> **WHAT TO DO**
Exclude pictures; retype the lines below from the line containing "BOOSTI Luftfilter mit" through the end of the records, both ends kept.

(DATA FOR ANALYSIS)

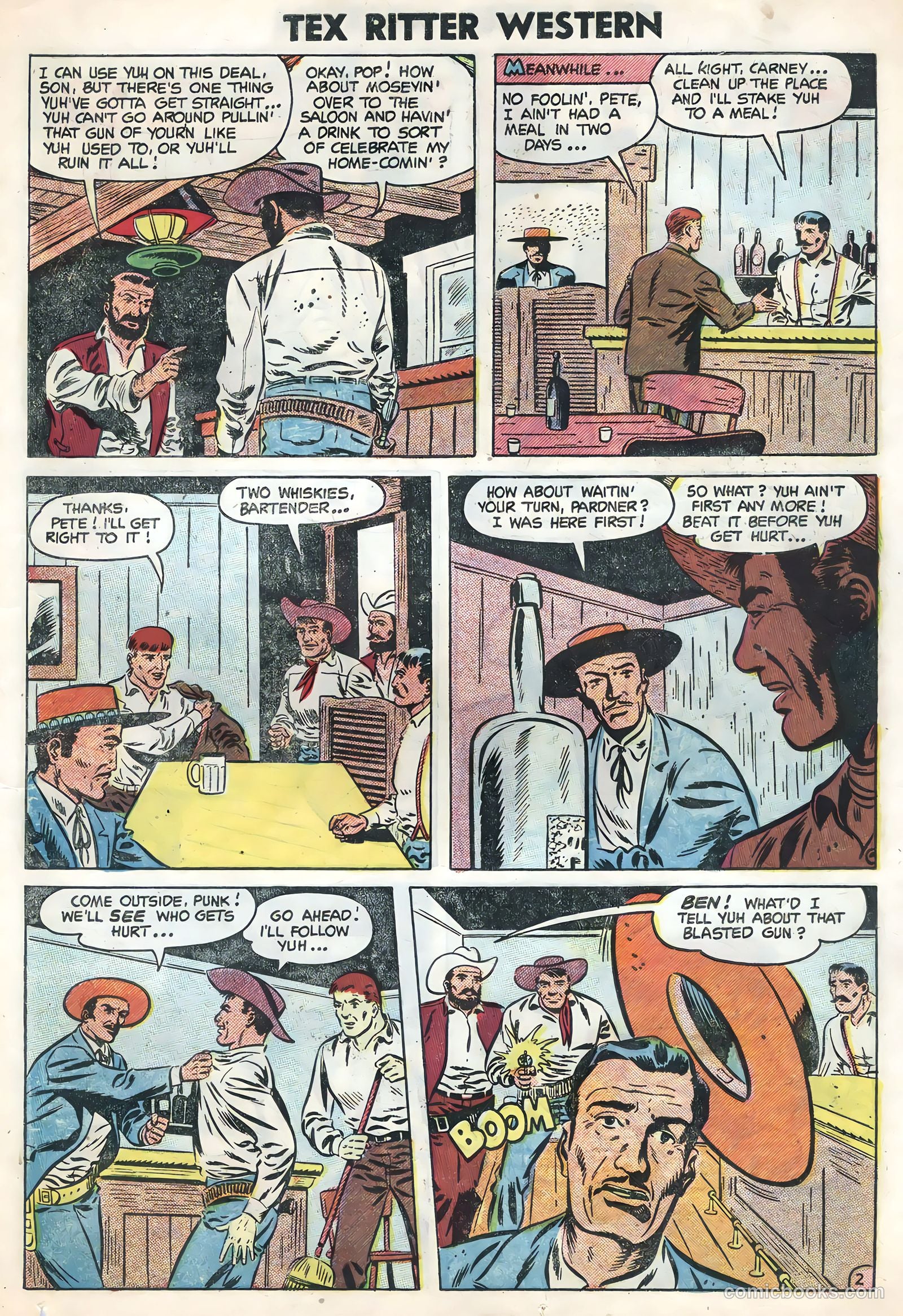 Tex Ritter Western #24 — page 23 of 36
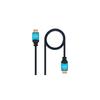 Câble HDMI TooQ 10.15.37 V2.0 Noir Bleu 0,5 M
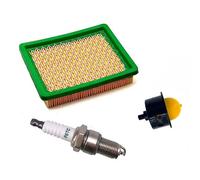BOOSTI Luftfilter mit Zündkerze Benzinpumpe für Hecht 547 746 761 746R 761R 546SX 546SXW 553SX, Fuxtec FX-RM 4639 Rasenmäher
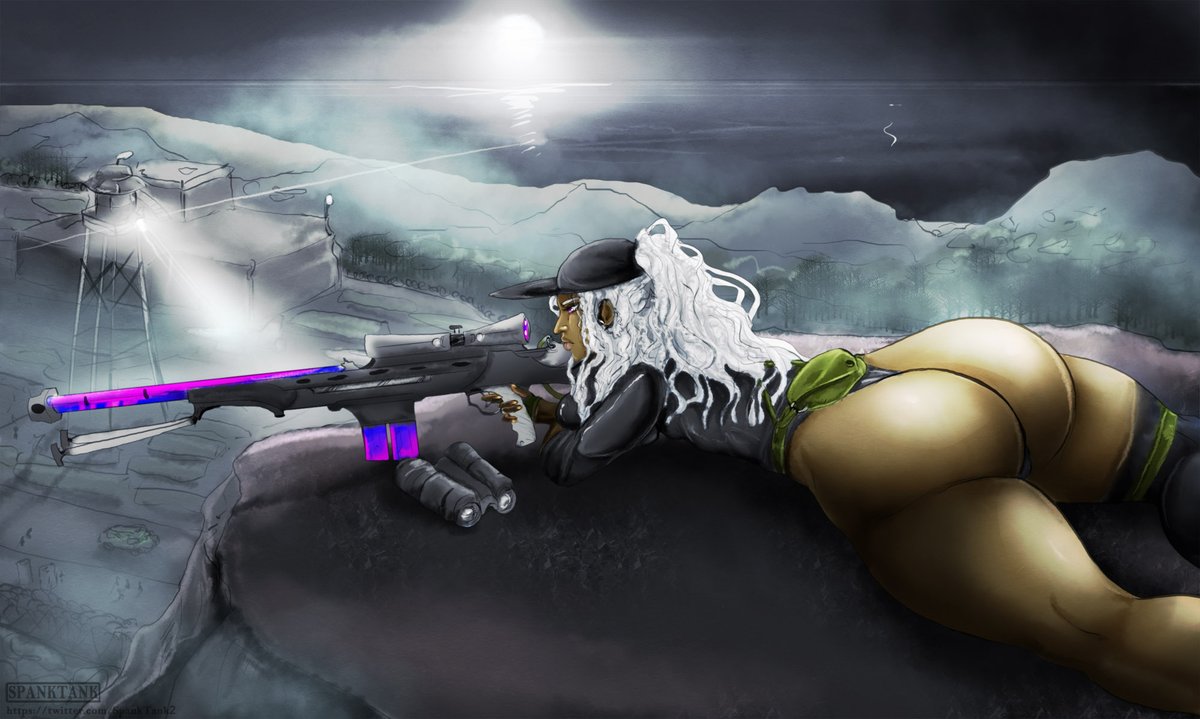 a doodle of my buddy <a href="/AureatePen/">Ari</a> 's OC, Snow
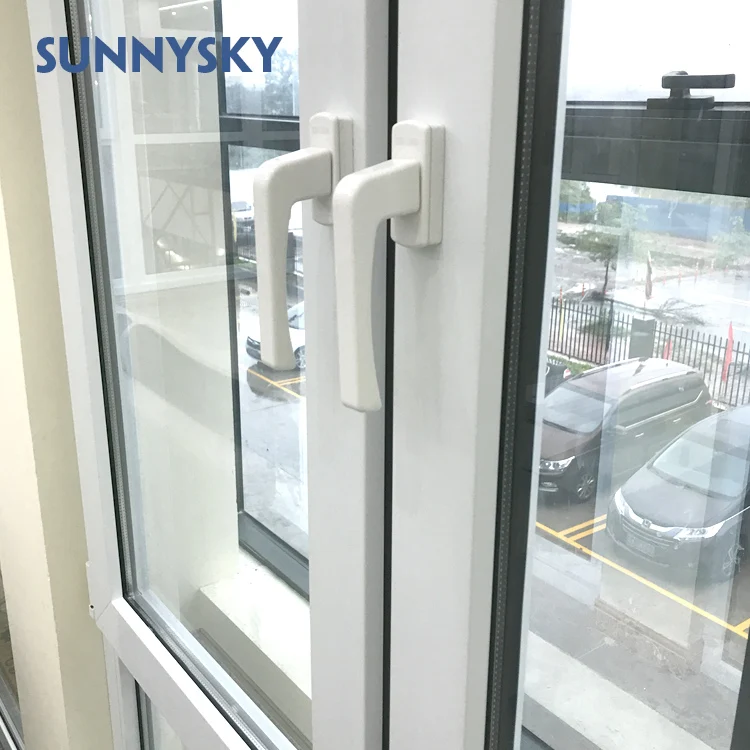OEM service vinyl prices online 48x48 UPVC casement window as egress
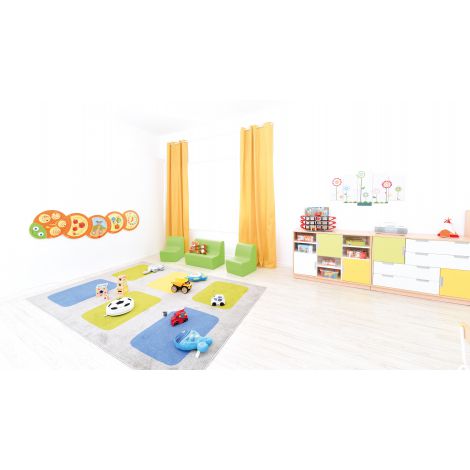 Covor Geometry - Multicolor - poza 2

(End DATA FOR ANALYSIS)

> **REPLY TO THE EXERCISE**
BOOSTI Luftfilter mit Zündkerze Benzinpumpe für Hecht 547 746 761 746R 761R 546SX 546SXW 553SX, Fuxtec FX-RM 4639 Rasenmäher
 a doodle of my buddy <a href="/AureatePen/">Ari</a> 's OC, Snow
OEM service vinyl prices online 48x48 UPVC casement window as egress
 Covor Geometry - Multicolor - poza 2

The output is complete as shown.